» **MATERIAL FOR THIS TASK**:
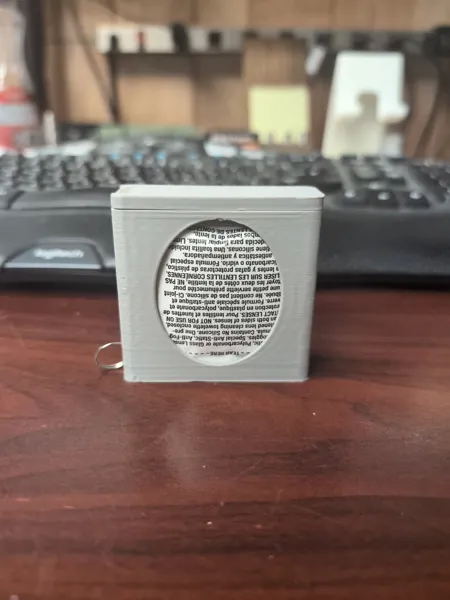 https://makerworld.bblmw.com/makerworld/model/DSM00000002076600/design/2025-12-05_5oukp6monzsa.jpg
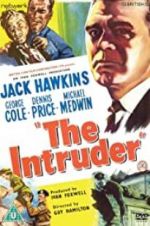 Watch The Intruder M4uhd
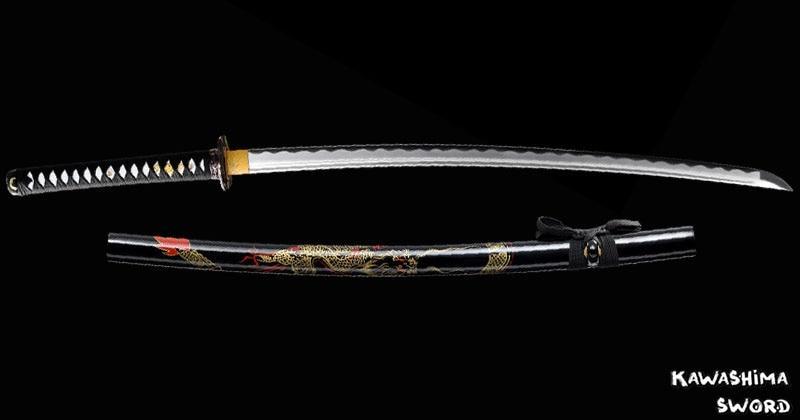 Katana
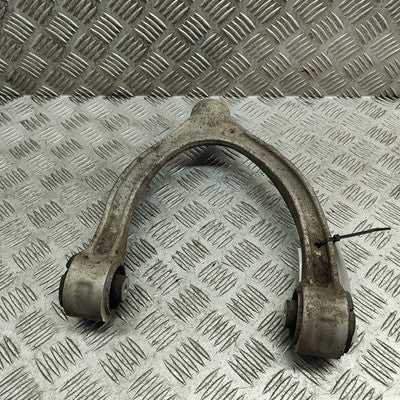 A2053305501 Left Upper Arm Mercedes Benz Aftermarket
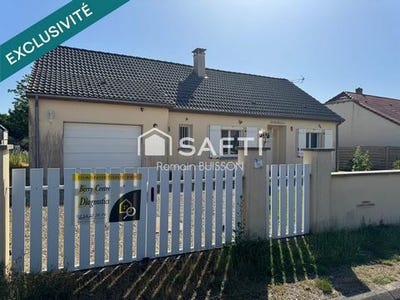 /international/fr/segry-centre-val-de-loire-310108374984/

...

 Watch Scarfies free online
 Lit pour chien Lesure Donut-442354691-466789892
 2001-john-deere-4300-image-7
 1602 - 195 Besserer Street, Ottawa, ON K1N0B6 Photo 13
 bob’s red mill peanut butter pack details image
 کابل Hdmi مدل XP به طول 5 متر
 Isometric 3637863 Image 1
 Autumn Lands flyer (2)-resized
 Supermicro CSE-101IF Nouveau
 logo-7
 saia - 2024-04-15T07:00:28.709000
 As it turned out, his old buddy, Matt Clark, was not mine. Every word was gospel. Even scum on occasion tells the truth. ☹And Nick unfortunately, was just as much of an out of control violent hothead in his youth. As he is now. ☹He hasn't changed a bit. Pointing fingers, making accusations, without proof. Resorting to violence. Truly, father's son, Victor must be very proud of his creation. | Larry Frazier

» **ABOUT THIS EXERCISE**: In the data above, find the line that contains "1602 - 195 Besserer" and the line that contains "saia - 2024-04-15T07:00:28.709000". Repeat exactly those lines and every line between them, and only those.

» **YOUR RESPONSE**:
 1602 - 195 Besserer Street, Ottawa, ON K1N0B6 Photo 13
 bob’s red mill peanut butter pack details image
 کابل Hdmi مدل XP به طول 5 متر
 Isometric 3637863 Image 1
 Autumn Lands flyer (2)-resized
 Supermicro CSE-101IF Nouveau
 logo-7
 saia - 2024-04-15T07:00:28.709000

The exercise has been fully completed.